Rendering of the LD6 data center in Slough by Equinix, the world's largest colocation provider (Image: Equinix)

Rendering of the LD6 data center in Slough by Equinix, the world's largest colocation provider (Image: Equinix)

Equinix Will Acquire Telecity Group Ending Proposed Interxion Merger

Equinix will acquire Telecity Group for $3.6 billion in a cash and stock deal. The deal halts an earlier proposed merger between Interxion and Telecity Group.

Equinix will pay the equivalent of $17.55 a share in a combination of cash and shares. The board of directors of Telecity is expected to unanimously recommend that shareholders approve the Equinix deal.

The deal has several implications. Equinix is already the world’s largest data center player – it now greatly increases its position in Europe including in several new markets. Telecity operates close to 40 data centers in 11 countries in Europe with a market capitalization of over $2.6 billion.

The deal also prevents a merger that would have made Equinix the number two player in Europe. Telecity in February said it would buy Dutch rival Interxion in a $2.2 billion all-stock deal. The deal was attractive to both boards, with benefits including total cost and capital synergies estimated at about $680 million.

Equinix argued that it acquiring Telecity would create a more compelling combination.

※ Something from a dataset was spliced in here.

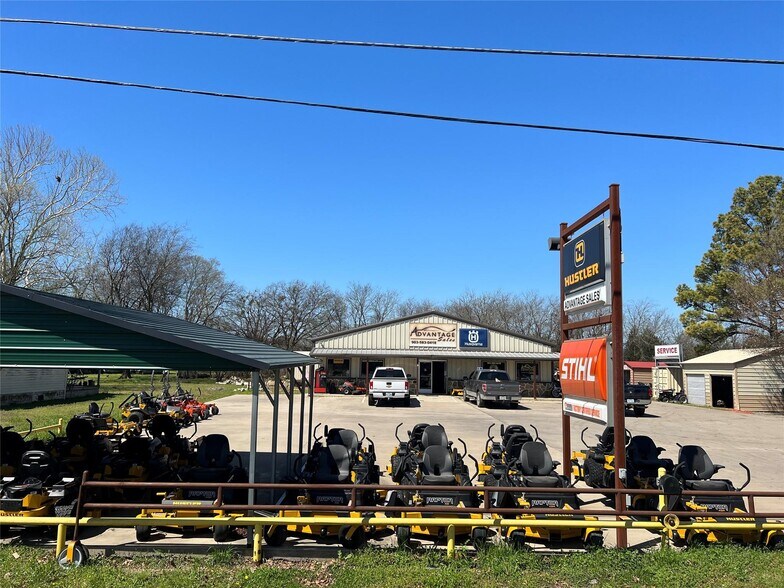 More Photos Of 1521 N State Highway 121, Bonham Freestanding For Sale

For Equinix, The Telecity acquisition means increased network and cloud density to better serve customers, as well as a stronger platform to attract customers and pursue the emerging enterprise opportunity.

Equinix expects the transaction to enable accelerated deployment of cloud service provider nodes and to further the execution of Equinix’s cloud ecosystem strategy for EMEA.

In the United Kingdom, the acquisition of TelecityGroup adds capacity in Central London and Docklands that complements Equinix’s current operations in Slough. Telecity adds capacity in several of Equinix’s current locations throughout Europe, and extends Equinix’s footprint into new locations such as Dublin, Helsinki, Istanbul, Milan, Stockholm and Warsaw.

“Equinix can use Telecity to double down in the top four European markets and extend into new ones that have long-term potential,” said Jabez Tan, senior analyst, Structure Research. “Markets like Helsinki, for example, could be gateways to the wider Scandinavian region.”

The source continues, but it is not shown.